Un grand silence s'établit, avant que la Mère Josserand n'intervienne.

- Brigitte, le café et l'addition pour Monsieur !

- Mais enfin ! Nous n'avons pas ….Notre commande …. bredouillait le jeune homme bien mis qui avait cherché à épater sa compagne.

- La suite est décommandée et vous avez terminé. A ne plus vous revoir : au Café du Jura, on ne sert pas n'importe qui.

Et tout en disant cela, elle poussait le couple dehors, avec fermeté.

Au moment de refermer la porte, deux couples très dans le vent se précipitent :

- On peut dîner ? Quatre personnes.

- Je regrette, Messieurs-dames, tout est retenu !

Les gens reluquent la grande salle chaleureuse où, seuls, mon pote Joël et moi dégustons nos clapotons, dans ce silence religieux qu'on rencontre parfois à Lyon, dans les maisons de bonne réputation.

Les intrus hésitent, estomaqués par le sourire de la Mère Josserand, mi-glacée, mi-charmeuse.

- Je regrette, vous tombez mal.

Et la patronne retire d'une main le bec de cane.

- Ils avaient des têtes de parisiens. On a bien le droit de rester entre nous. Alors les petits ? Qu'est-ce que vous en dîtes de ma salade de clapotons ?

- Ah Madame, c'est excellent ! Moelleux et parfaitement assaisonné ! Pourrions-nous avoir des tabliers ensuite ?

Je me faisais mielleux et enjôleur; un rien flatteur, mais il ne faut pas hésiter en certaines occasions.

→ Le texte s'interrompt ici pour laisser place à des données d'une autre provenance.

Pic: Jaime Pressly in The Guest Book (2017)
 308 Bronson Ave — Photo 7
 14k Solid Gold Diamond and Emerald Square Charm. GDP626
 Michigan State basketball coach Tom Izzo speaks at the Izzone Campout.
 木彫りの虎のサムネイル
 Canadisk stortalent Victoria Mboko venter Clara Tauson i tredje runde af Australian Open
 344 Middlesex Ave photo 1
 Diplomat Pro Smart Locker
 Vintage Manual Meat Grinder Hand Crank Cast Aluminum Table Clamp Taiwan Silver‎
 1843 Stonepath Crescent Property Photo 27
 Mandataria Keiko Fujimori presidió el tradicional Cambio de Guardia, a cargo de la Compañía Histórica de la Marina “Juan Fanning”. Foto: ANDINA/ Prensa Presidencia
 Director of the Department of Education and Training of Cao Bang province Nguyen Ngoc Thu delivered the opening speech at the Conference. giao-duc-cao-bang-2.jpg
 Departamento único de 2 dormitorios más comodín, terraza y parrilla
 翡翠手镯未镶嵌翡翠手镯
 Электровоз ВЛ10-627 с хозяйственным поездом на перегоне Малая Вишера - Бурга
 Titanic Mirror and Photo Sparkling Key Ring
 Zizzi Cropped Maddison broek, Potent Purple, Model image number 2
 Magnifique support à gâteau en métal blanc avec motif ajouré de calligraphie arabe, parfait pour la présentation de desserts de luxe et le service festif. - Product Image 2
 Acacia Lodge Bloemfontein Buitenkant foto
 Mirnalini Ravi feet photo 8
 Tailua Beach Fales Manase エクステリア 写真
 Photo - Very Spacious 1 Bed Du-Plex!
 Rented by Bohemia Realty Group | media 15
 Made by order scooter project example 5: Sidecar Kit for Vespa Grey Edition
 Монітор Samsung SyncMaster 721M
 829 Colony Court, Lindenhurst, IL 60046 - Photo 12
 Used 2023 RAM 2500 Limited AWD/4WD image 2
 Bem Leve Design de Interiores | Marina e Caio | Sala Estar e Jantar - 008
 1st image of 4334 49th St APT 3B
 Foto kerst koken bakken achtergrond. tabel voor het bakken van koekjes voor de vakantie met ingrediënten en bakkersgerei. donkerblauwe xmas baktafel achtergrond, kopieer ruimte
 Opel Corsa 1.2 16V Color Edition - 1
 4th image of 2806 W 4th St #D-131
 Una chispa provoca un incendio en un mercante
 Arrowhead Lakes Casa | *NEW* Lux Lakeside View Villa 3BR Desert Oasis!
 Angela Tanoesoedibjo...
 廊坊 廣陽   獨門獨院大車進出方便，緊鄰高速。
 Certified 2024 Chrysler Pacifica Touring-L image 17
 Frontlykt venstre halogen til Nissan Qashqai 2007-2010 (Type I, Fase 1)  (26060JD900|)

Il se faisait tard, j'avais faim et je me méfiais des réactions parfois enflammées de Joël.

Nous étions là parce qu'il voulait m'entretenir d'un de ses nouveaux projets : un livre sur les bistrots de Lyon, alors qu'il venait justement d'en sortir un.

- Oui, mais je trouve qu'il n'a absolument pas évoqué l'aspect le plus intéressant, à savoir la sociabilité du bistrot. Une étude plus sociologique est encore à écrire, qui ne soit pas exclusivement axée sur le centre ville et la vie nocturne. Tu te rends compte …..

- Je me rends compte que ces clapotons étaient délicieux, et que ton tablier va refroidir. C'est un coup à nous fâcher avec la Mère Josserand…..

Salade de Clapotons


8 pieds de mouton cuits, 2 jaunes d'œufs, 3 cuillères de crème, 2 cuillères de moutarde, 25 cl. d'huile, 1 verre de vinaigre. Sel et poivre

 

Recette:

Faire tiédir les pieds de mouton pour les rendre souples. les fendre en deux et supprimer les poils intérieurs. Désosser complètement les pieds et les détailler en morceaux. Les mettre dans une terrine avec un verre de vinaigre et une cuillère de moutarde blanche. Brasser et laisser macérer 24 h.

Le lendemain, égoutter les clapotons et les mettre dans un saladier.

Dans un bol, mélanger les jaunes d'oeufs, une cuillère de moutarde, trois cuillères de crème fraîche, sel et poivre.

Fouetter vivement et incorporer peu à peu 25 cl. d'huile.

Saupoudrer les clapotons de persil haché, verser la sauce et mélanger longuement.